■ Assignment: Nothing but the lines from the one containing "Pinces à nourriture" through the last line of the records below should be copied, exactly and without pictures.

Image-caption web data:

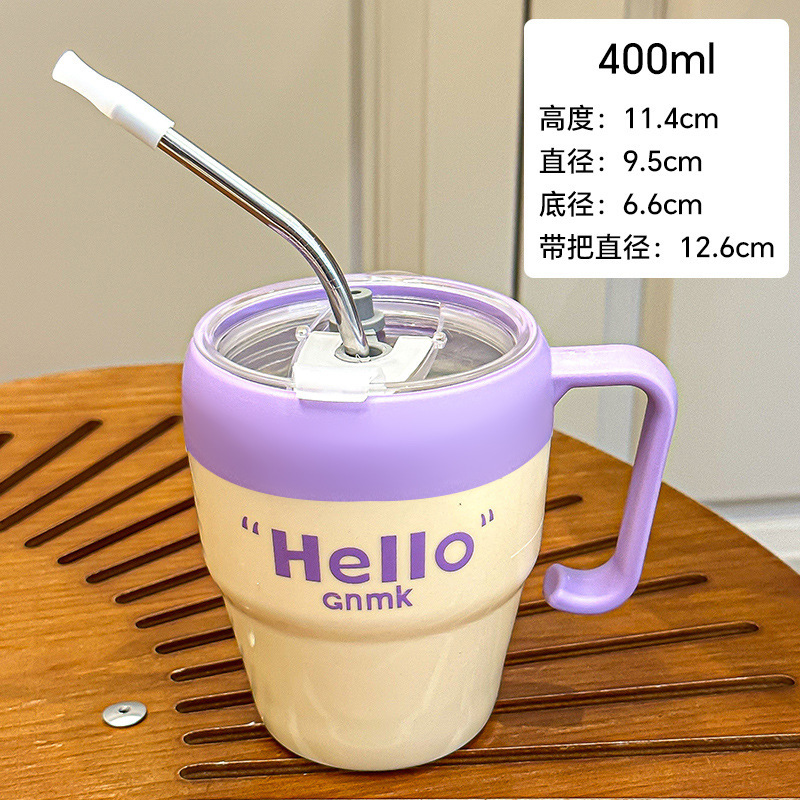 Taza de vidrio de pajita simple y de alto valor con mango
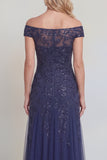 Navy Off The Shoulder A Line Beaded Mother of the Bride Dress with Appliques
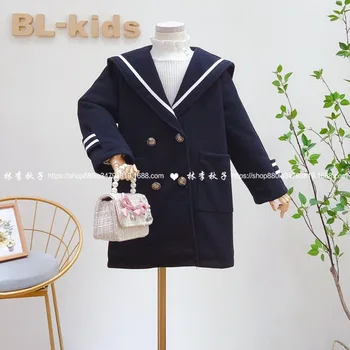 

Mid-length navy collar woolen coat autumn and winter 2020 new Korean girl gentle long-sleeved woolen coat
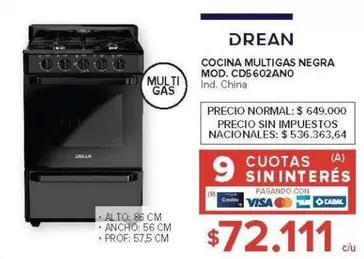 Drean - COCINA MULTIGAS NEGRA MOD. CDS602ANO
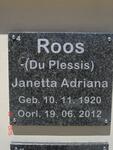 ROOS Janetta Adriana nee DU PLESSIS 1920-2012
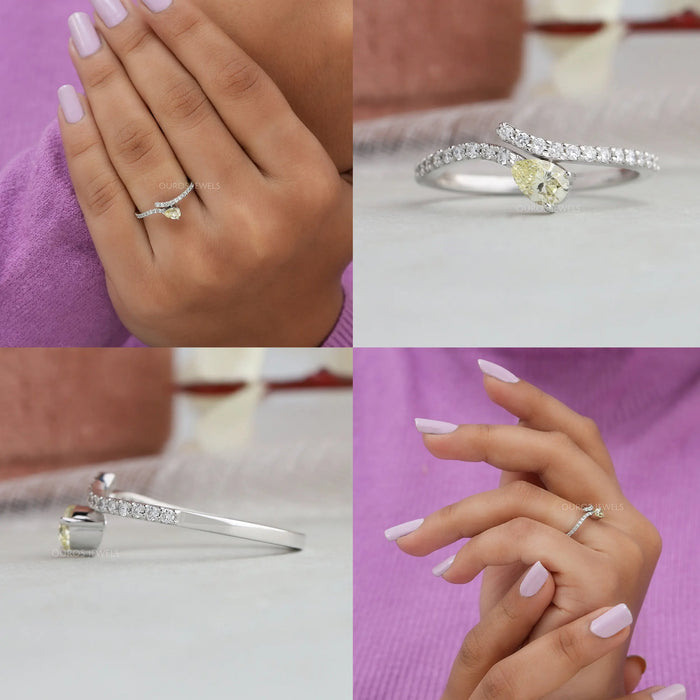 Collage of Pear shaped wave style diamond ring, showing front, side and in finger look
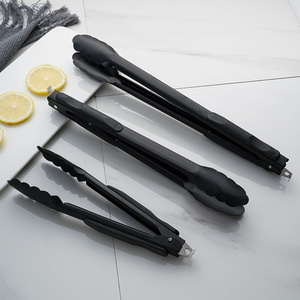 Pinces à nourriture noires antiadhésives pour le marché européen, pour barbecue et buffet - Product Image 3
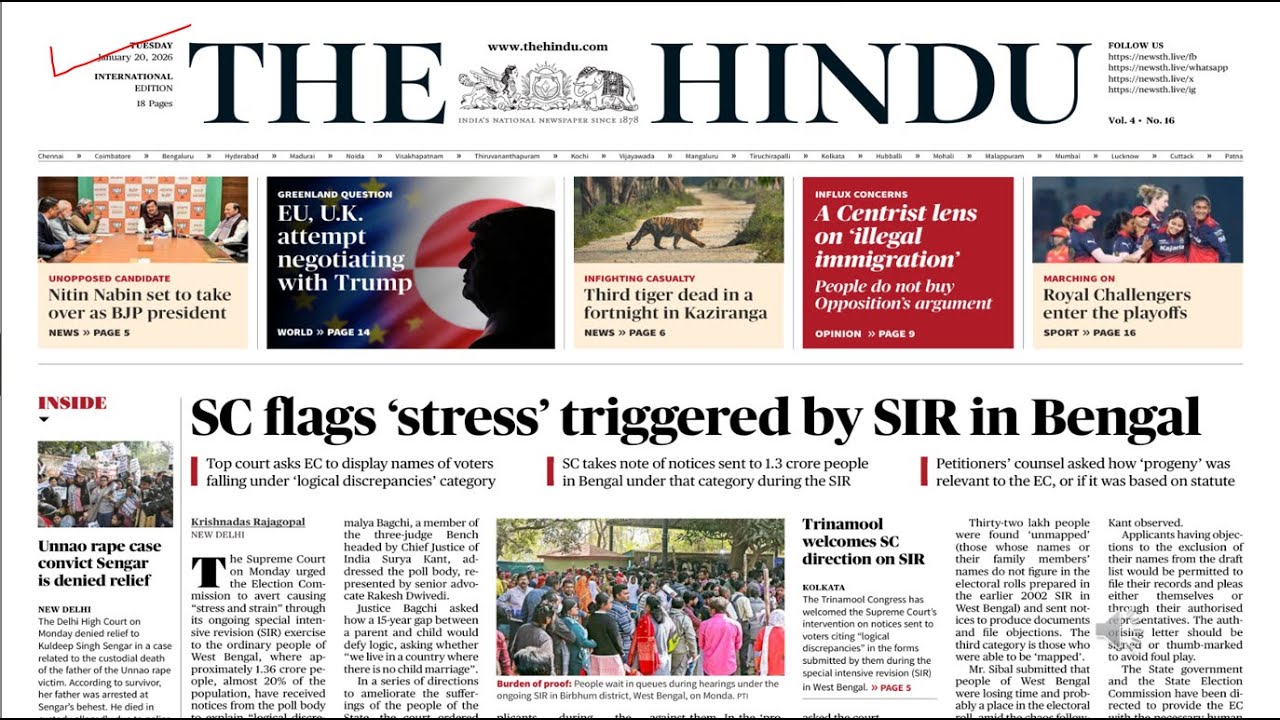 20 January 2026|The Hindu News Analysis Today|The Hindu news paper Analysis 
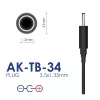 Akyga AK-TB-34 universalus maitinimo adapteris, 5 V, 2 A, 10 W, 3,5 x 1,35 mm, 1,5 m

■ Result:
 Pinces à nourriture noires antiadhésives pour le marché européen, pour barbecue et buffet - Product Image 3
 20 January 2026|The Hindu News Analysis Today|The Hindu news paper Analysis 
 Akyga AK-TB-34 universalus maitinimo adapteris, 5 V, 2 A, 10 W, 3,5 x 1,35 mm, 1,5 m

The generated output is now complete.